VL_NNCONV - CNN convolution.

Y = VL_NNCONV(X, F, B) computes the convolution of the image X with the filter bank F and biases B. If B is the empty matrix, then no biases are added. If F is the empty matrix, then the function does not filter the image, but still adds the biases and applies downsampling and padding as explained below.

X is an array of dimension H x W x C x N where (H,W) are the height and width of the image stack, C is the number of feature channels, and N is the number of images in the batch.

F is an array of dimension FW x FH x FC x K where (FH,FW) are the filter height and width and K the number o filters in the bank. FC is the number of feature channels in each filter and must match the number of feature channels C in X. Alternatively, FC can

• divide* the C; in this case, filters are assumed to form G=C/FC

• groups* of equal size (where G must divide K). Each group of

filters works on a consecutive subset of feature channels of the input array X.

[DX, DF, DB] = VL_NNCONV(X, F, B, DY) computes the derivatives of the operator projected onto P. DX, DF, DB, and DY have the same dimensions as X, F, B, and Y, respectively. In particular, if B is the empty matrix, then DB is also empty.

VL_NNCONV() implements a special fully-connected mode: when the support of the filters matches exactly the support of the input image, the code uses an optimized path for faster computation.

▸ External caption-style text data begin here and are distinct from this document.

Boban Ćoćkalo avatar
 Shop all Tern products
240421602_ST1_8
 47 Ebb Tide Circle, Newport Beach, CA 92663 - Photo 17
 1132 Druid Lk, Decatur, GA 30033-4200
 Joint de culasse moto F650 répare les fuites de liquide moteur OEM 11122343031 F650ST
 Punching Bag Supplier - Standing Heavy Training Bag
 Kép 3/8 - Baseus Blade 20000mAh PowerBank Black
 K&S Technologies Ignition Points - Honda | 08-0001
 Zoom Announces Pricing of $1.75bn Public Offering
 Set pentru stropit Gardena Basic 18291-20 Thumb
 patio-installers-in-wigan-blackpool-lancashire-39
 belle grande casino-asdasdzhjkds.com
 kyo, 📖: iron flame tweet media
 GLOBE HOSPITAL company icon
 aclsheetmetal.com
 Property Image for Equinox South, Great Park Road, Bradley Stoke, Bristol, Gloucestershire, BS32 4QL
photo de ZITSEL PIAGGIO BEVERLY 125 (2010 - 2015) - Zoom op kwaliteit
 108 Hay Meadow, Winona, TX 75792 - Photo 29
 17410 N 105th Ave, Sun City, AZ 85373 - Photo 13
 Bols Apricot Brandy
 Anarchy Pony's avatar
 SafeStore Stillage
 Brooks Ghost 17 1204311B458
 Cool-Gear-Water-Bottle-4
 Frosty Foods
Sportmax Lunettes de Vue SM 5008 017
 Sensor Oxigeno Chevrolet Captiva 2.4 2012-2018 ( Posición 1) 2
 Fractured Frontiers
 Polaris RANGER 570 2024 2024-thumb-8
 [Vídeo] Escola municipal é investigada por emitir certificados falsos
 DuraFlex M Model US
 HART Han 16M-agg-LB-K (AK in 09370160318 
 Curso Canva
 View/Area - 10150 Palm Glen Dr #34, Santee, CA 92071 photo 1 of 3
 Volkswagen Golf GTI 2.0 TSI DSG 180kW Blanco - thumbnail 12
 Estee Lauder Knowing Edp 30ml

VL_NNCONV(..., 'option', value, ...) accepts the following options:

• Stride [1]

Set the output stride or downsampling factor. If the value is a scalar, then the same stride is applied to both vertical and horizontal directions; otherwise, passing [STRIDEY STRIDEX] allows specifying different downsampling factors for each direction.

• Pad [0]

Set the amount of input padding. Input images are padded with zeros by this number of pixels before the convolution is computed. Passing [TOP BOTTOM LEFT RIGHT] allows specifying different padding amounts for the top, bottom, left, and right sides respectively. Passing a single scalar applies the same padding to all borders.

• Dilate [1]

Set the kernel dilation factor. Passing [DILATEY DILATEX] allows specifying different dilation factors for Y and X. Filters are dilated by inserting DILATE-1 zeros between filter elements. For example, the filter

  [1 3]
[2 4]


is implicitly treated as

  [1 0 3]
[0 0 0]
[2 0 4]


by setting DILATE equal to 2.

The filter size must be not larger than the padded image, i.e.

  1 <= FH <= H + PADTOP + PADBOTTOM,


The output a is an array of dimension YH x YW x K x N of N images with K feature challens and size:

  YH = floor((H + (PADTOP+PADBOTTOM) - FH)/STRIDEY) + 1,


Accounting for dilation, the formulas become:

  YH = floor((H + (PADTOP+PADBOTTOM) - FH*(DILATEY-1) -1)/STRIDEY) + 1,

Some cuDNN algorithms may use a very large amount of memory on the GPU (workspace). By default, MatConvNet limits this to 512MB. To change this behavior, use the CudnnWorskpaceLimit option to specify the maximum size of the workspace in bytes. Set this parameter +inf to remove the limit and use the Verbose flag to check how much memory is being used.